━━ SUPPLIED ENTRIES
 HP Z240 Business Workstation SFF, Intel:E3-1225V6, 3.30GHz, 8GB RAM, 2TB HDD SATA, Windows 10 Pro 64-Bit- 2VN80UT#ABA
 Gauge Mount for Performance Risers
━━━━
━━ SUPPLIED ENTRIES
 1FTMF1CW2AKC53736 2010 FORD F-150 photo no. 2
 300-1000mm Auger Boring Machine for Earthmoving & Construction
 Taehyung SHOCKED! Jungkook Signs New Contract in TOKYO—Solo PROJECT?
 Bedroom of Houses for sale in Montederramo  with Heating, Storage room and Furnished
━━━━
TASK DIRECTIONS
Copy out each line of the data above, exactly, if it lies between the line holding "Taehyung SHOCKED! Jungkook" and the line holding "Bedroom of Houses", inclusive; copy no other line.

YOUR RESPONSE
 Taehyung SHOCKED! Jungkook Signs New Contract in TOKYO—Solo PROJECT?
 Bedroom of Houses for sale in Montederramo  with Heating, Storage room and Furnished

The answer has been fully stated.